2. Eldest by Christopher Paolini--No, I don't believe that Murtagh and Eragon are full brothers. I'm betting Brom was Eragon's father. My older daughter disagrees. This is the stuff of a lively relationship. :) (Even if I did agree, it's entirely too much fun baiting her.)
3. Blue Iris by Mary Oliver--I need to write her. She's kept me alive for years now. She deserves tangible thanks. I begin to breathe again when I read her work.
4. Late Wife by Claudia Emerson--Found this by accident. Am impressed all to pieces. Very concrete. No telling. Showing. Showing. Showing. Meaning conveyed via image. Excellent.
5. Mint Snowball by Naomi Shihab Nye--Prose poems! I've been becoming increasingly interested in prose poetry. Nye is a favorite. Good combo, I'm hoping.
6. Narrow Road to the Interior by Matsuo Bashō, translated by Sam Hamill--Maybe I was feeling a bit harried in the bookstore when I bought this with a gift card after Christmas. Usually haiku doesn't catch my attention. This, though, seemed restful, and when I opened it, immediately I felt permission to "play" more with my own writing, to take it less seriously and try new things. Plus, Great Scott has long been a fan of Bashō's, and I knew he'd enjoy it, too.

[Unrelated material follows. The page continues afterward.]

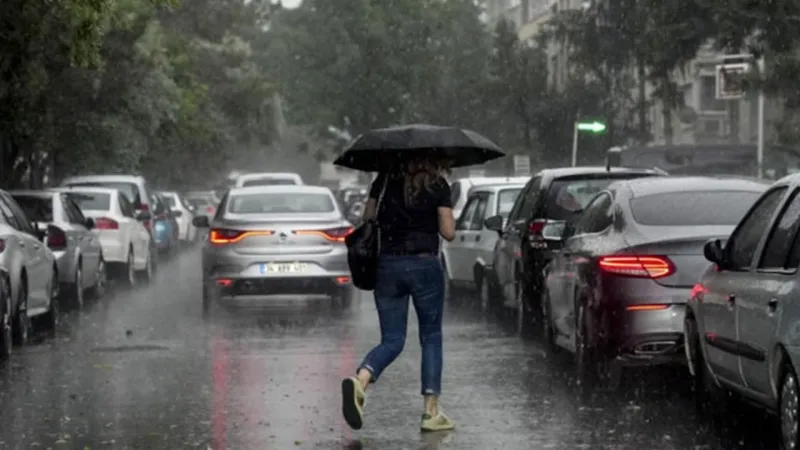14 il için "sarı" kodlu sağanak yağış uyarısı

7. The Gift by Hafiz, translated by Daniel Ladinsky--Rumi is one of my favorite poets. Hafiz sounded as though his work might have in it what I love so much about Rumi's. This is an educated guess. I'm widening my horizons.
8. October Palace by Jane Hirshfield--I love the grounding effect of Hirshfield's poetry. I need it.
9. Lincoln's Melancholy by Joshua Wolf Shenk--Finally I'm reading this, and although I'm reserving judgement until I'm finished, thus far I'm notably impressed by the depth of Shenk's research and how cautious he seems to be about drawing set-in-stone conclusions. You'll hear more from me on this one in the future.
10. A Writer's Book of Days by Judy Reeves--I really don't like buying books about writing or books of writing prompts or plans. They ususally sit on the shelf and mock me. This one, though, is friendly. I think it purrs when I open it.
11. The Essence of Zen compiled by Maggie Pinkney--An anthology of zenlike quotations from widely (and wildly) varying sources.
12. Mysticism by Evelyn Underhill--This one is Great Scott's, and I shall have to wait until he finishes it to tackle it myself, since I read in fits and starts, and it drives him crazy to pick up one of his own books and find four or five of my bookmarks in it. He is a patient man.
13. The Chronicles of Chrestomanci Volume II by Diana Wynne Jones--I'm always on the lookout for acceptable fantasy books to keep the young book-demanding hordes here in our home at bay. So far I've not read anything of Diana Wynne Jones' that I'd have any qualms about handing over to the girls immediately. This pleases me. Plus, her books are just plain fun.